Aplicação sobre toda a “renda global”: a base de cálculo engloba não apenas rendimentos tradicionais, mas também rendimentos de natureza diversa — inclusive ganhos de capital, rendimentos isentos, lucros distribuídos etc.
Sob essa estrutura, o governo apresenta a medida como uma redistribuição de renda — os mais ricos pagam mais para aliviar a carga sobre a maioria. E, de fato, em tese, contribuições tributárias maiores sobre lucros e dividendos podem gerar receita e reduzir desigualdades.
Contudo, a lei traz falhas graves que podem gerar insegurança jurídica, distorções contábeis e desestímulo ao investimento, com impactos negativos de longo prazo:
Complexidade e insegurança na aplicação das regras: o cálculo do IRPF‑M exige que todas as categorias de rendimentos sejam consideradas, tributáveis, isentos, provenientes de investimentos etc. Isso aumenta drasticamente a complexidade das declarações e impede previsibilidade: fluxos de renda legítimos podem ser tributados sem aviso prévio, dependendo apenas do somatório anual.
Discórdia contábil e risco para lucro acumulado até 2025: a lei admite que lucros ou dividendos apurados até 2025, mas pagos em 2026/2028, não fiquem sujeitos à tributação, contudo, apesar da atratividade em relação a isenção, trata-se de uma regra que gera insegurança jurídica e pode conflitar com regras contábeis e societárias sobre distribuição de lucros.
Desestímulo ao investimento e ao risco empresarial: tributar lucros e dividendos atinge diretamente sócios e acionistas que investem capital, suporte financeiro da empresa e assumem risco. Isso pode reduzir o apetite por investimento, especialmente em empresas de médio porte, startups ou companhias familiares, fragilizando a base produtiva.
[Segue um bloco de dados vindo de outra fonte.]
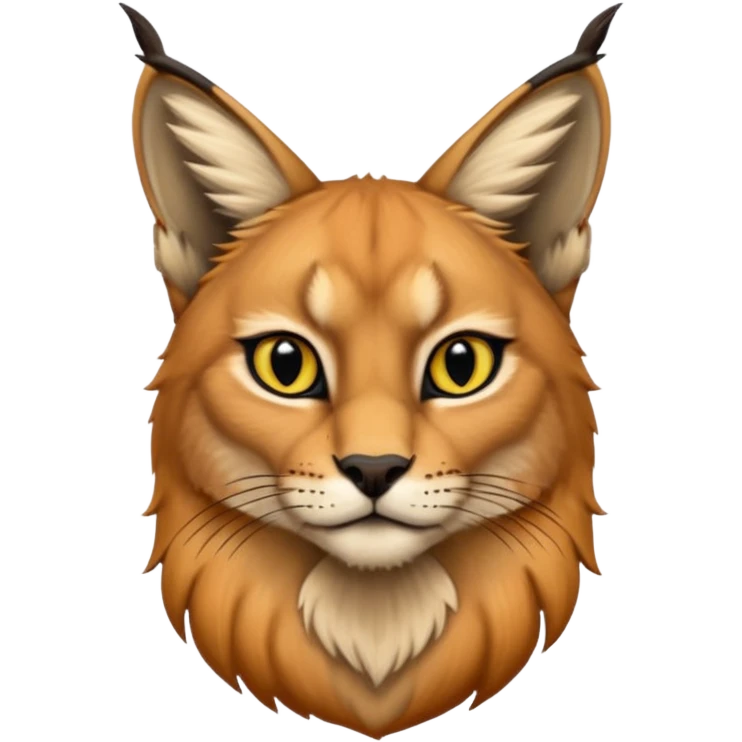 un Lynx Caracal Réaliste avec un Chardonnet (Oiseau) sur l'épaule emoji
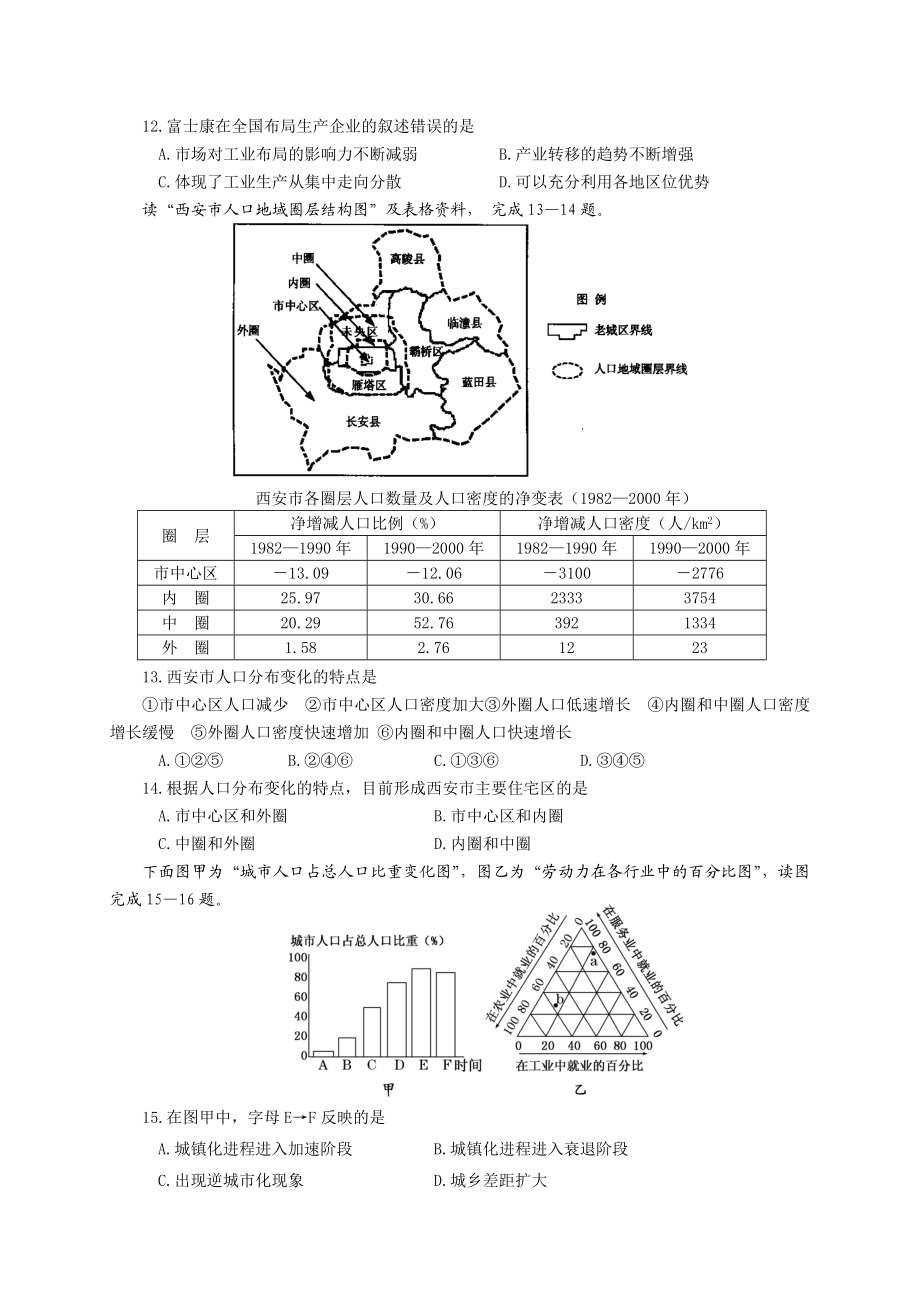 沭阳如东中学高二学业水平测试模拟试卷(地理)1.doc_第3页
Possível incentivo à elisão e práticas contábeis agressivas: com o novo regime, a alternativa de “retirada disfarçada de lucros” - ou manobras contábeis para evitar tributação — pode se tornar mais atrativa, o que prejudica a transparência e põe em risco a credibilidade fiscal do país.
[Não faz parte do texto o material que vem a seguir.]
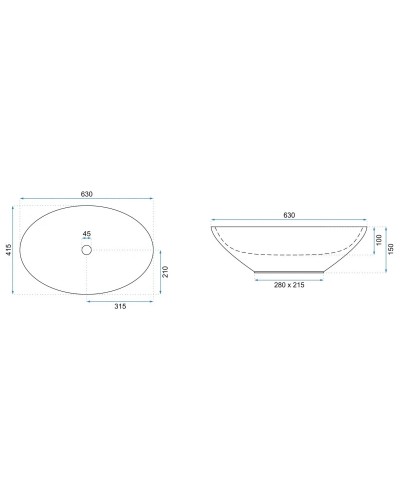 Раковина 63х41,5 см Rea Olga REA-U5692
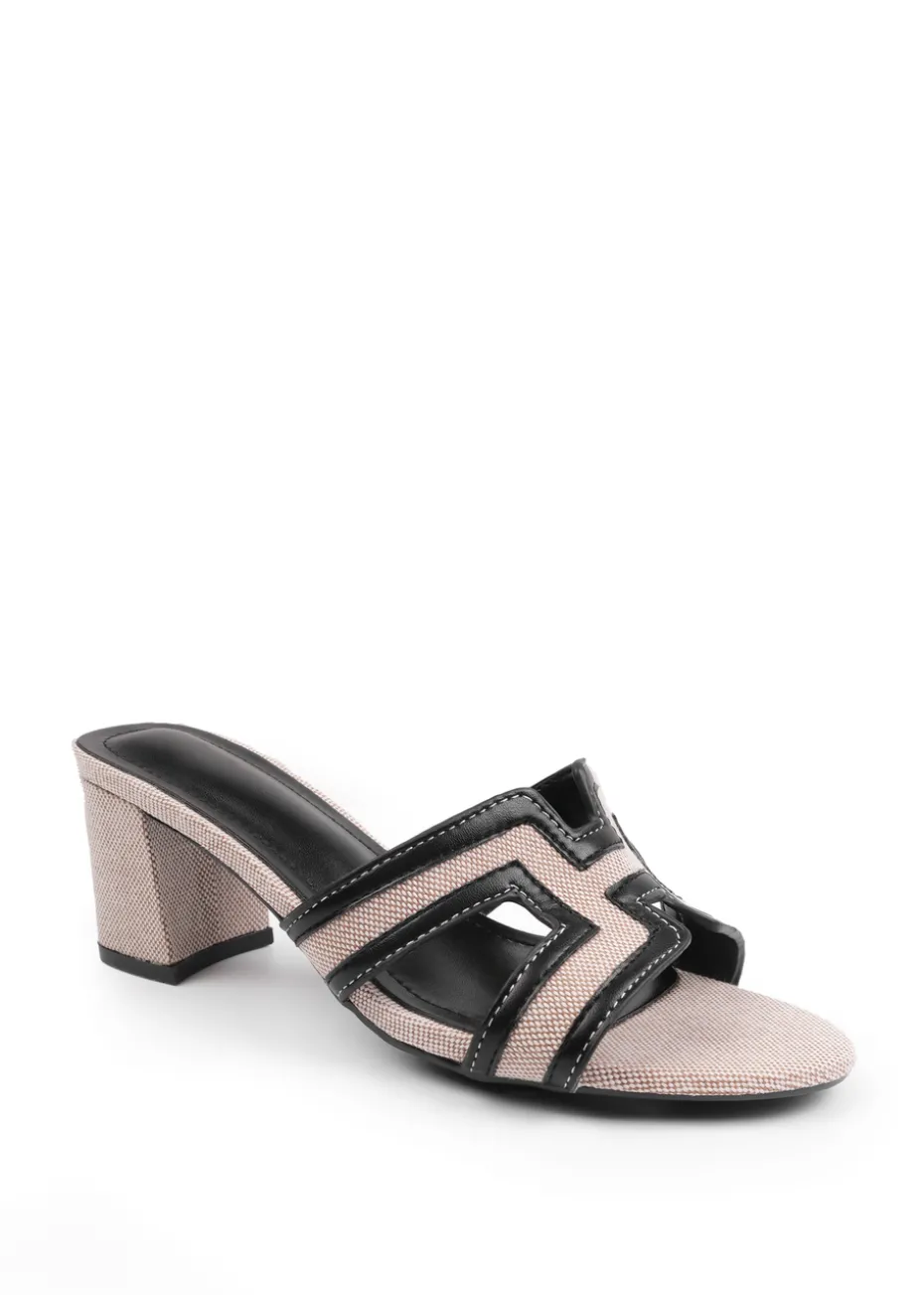 Where's That From Black PU Drama Cut Out Strap Block Heel Sandals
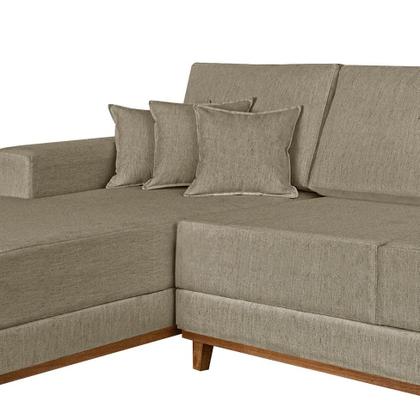 Imagem de Sofá 4 Lugares Mônaco Com Chaise Esquerdo Linho Bege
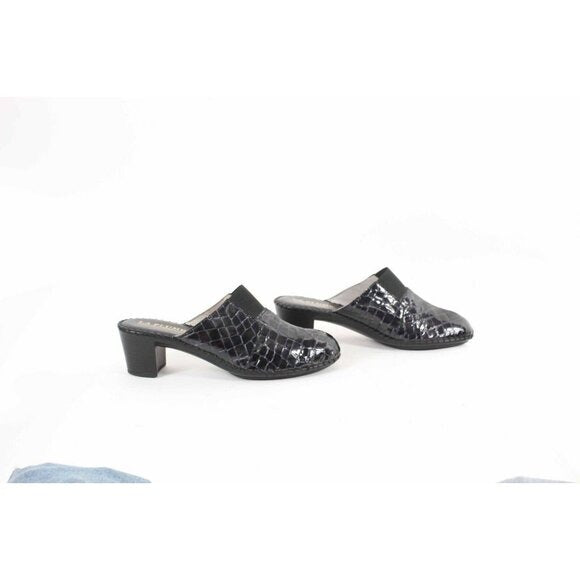 La Plume Sz 41 Black Reptile Embossed Mid Heel Patent Leather Mule Heels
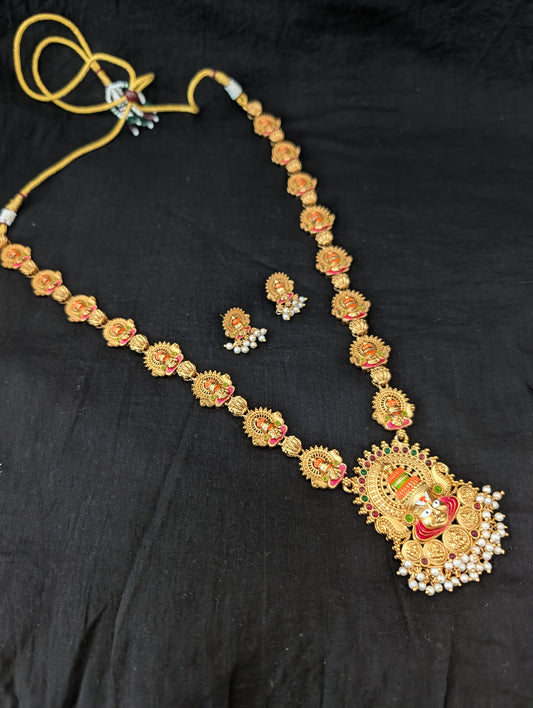 Hand painted Kathakali dance inspired Long Haram Necklace set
Política tributária de curto prazo mascarada de justiça social: embora a lei se apresente como uma medida de redistribuição, a tributação de investimentos, principal motor de crescimento econômico, pode comprometer a geração de empregos, inovação e expandir o setor produtivo. Ou seja: o sacrifício de quem produz em nome da “equidade” pode sair muito caro no médio e longo prazo.
Não há dúvida de que o Brasil necessita de políticas que promovam maior justiça fiscal e reduzam desigualdades. Entretanto, a solução não pode consistir em penalizar quem investe, arrisca e empreende, sobretudo quando o ambiente político-econômico já é permeado por instabilidades e incertezas.
A Lei 15.270/2025 parece seguir a lógica simplista de “tributar ricos para beneficiar pobres”, mas falha em considerar os efeitos danosos sobre a segurança jurídica, a atratividade de capital, a governança societária e, sobretudo, a confiança no Estado de Direito.
Se o objetivo fosse, de fato, promover crescimento sustentável com justiça social, seria mais eficaz adotar reformas estruturais: simplificação tributária, desburocratização, incentivos ao investimento produtivo e inovação, fortalecimento da fiscalização contra evasão. Não uma carga adicional sobre dividendos e lucros, que desestimula o capital e penaliza a iniciativa privada.
Diante deste novo panorama, é imperativo que empresários, sócios e investidores revisem sua estrutura societária e adotem planejamento tributário e societário com urgência, revisando contratos sociais, estatutos e acordos de sócios, avaliando a forma de remuneração mais eficiente e considerando alternativas que minimizem os impactos da nova lei.
Se por um lado a Lei 15.270/2025 formaliza mudanças que o governo acaba de sancionar, por outro ela impõe desafios práticos e estruturais que não podem ser ignorados. A inércia, agora, é opção de risco.